Talk about ancient history! This influential report was written by Vannevar Bush in 1945. This more constructive Bush had coordinated R&D during WWII with great success, including the Manhattan Project, military applications of radar, sonar, the proximity fuse, the Norden bomb sight, and many others that had helped the Allies win the war. Near the end of the war, he was asked by President Franklin Roosevelt to study how R&D could be organized after the war for peacetime benefits. One recommendation led to the National Science Foundation, but there is much more in the report. Today when we seem to be at a loss for justifying investments in R&D, the report’s eloquence on the benefits of R&D, particularly basic research, to the nation in economic prosperity and national security can be an inspiration.
Bush’s letter of transmittal closes with, “Science offers a largely unexplored hinterland for the pioneer who has the tools for his task. The rewards of such exploration both for the Nation and the individual are great. Scientific progress is one essential key to our security as a nation, to our better health, to more jobs, to a higher standard of living, and to our cultural progress.”

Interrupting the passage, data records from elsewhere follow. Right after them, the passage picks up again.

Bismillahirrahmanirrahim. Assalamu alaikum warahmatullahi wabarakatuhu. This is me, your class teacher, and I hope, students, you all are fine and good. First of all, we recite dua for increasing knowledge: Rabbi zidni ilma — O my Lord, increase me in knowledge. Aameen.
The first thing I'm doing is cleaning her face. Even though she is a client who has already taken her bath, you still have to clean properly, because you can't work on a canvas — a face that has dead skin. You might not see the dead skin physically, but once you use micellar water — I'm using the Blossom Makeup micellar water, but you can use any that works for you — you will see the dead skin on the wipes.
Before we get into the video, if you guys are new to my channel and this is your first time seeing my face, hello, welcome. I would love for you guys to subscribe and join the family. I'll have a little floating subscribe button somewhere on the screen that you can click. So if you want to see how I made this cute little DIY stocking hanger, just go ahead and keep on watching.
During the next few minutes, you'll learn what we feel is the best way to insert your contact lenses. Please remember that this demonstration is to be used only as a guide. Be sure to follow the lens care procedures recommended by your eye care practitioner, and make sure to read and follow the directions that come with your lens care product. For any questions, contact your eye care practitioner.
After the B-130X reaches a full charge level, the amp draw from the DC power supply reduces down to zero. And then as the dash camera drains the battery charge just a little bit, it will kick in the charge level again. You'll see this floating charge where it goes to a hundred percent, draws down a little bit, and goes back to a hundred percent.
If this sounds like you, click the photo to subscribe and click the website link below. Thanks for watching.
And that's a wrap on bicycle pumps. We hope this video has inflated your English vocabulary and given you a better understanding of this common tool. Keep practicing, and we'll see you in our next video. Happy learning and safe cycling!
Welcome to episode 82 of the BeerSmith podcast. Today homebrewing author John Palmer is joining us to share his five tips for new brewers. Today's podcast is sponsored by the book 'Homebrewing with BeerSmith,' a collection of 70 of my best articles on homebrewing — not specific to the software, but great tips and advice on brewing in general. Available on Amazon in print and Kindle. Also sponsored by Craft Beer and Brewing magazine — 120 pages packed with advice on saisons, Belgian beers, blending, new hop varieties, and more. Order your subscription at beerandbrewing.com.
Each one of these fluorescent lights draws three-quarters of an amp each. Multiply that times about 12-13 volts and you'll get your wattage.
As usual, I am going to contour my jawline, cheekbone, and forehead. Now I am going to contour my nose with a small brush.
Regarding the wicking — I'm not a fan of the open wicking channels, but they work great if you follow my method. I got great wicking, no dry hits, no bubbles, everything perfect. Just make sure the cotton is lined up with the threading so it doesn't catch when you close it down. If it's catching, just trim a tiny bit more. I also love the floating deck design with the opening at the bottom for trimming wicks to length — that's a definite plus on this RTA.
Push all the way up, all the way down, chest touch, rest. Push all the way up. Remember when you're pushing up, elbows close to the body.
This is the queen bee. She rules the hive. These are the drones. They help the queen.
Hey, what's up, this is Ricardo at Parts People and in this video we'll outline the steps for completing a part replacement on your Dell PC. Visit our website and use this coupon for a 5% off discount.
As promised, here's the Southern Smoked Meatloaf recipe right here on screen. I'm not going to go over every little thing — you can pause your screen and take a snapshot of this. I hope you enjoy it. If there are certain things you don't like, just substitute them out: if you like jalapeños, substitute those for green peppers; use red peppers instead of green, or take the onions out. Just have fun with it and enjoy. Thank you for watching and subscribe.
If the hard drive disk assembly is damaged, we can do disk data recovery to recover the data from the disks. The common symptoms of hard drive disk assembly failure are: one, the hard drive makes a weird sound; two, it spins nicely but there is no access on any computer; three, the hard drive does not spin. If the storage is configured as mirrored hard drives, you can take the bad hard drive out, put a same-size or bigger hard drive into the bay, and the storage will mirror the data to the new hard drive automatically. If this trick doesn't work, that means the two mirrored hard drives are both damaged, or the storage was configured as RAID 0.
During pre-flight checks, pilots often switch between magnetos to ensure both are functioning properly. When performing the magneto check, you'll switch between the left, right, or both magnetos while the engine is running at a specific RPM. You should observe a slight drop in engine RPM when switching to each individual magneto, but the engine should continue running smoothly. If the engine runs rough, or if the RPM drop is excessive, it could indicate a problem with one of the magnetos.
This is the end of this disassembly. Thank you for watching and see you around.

Another snippet from later in the report:
“Progress in the war against disease depends upon a flow of new scientific knowledge. New products, new industries, and more jobs require continuous additions to knowledge of the laws of nature, and the application of that knowledge to practical purposes. Similarly, our defense against aggression demands new knowledge so that we can develop new and improved weapons. This essential, new knowledge can be obtained only through basic scientific research.”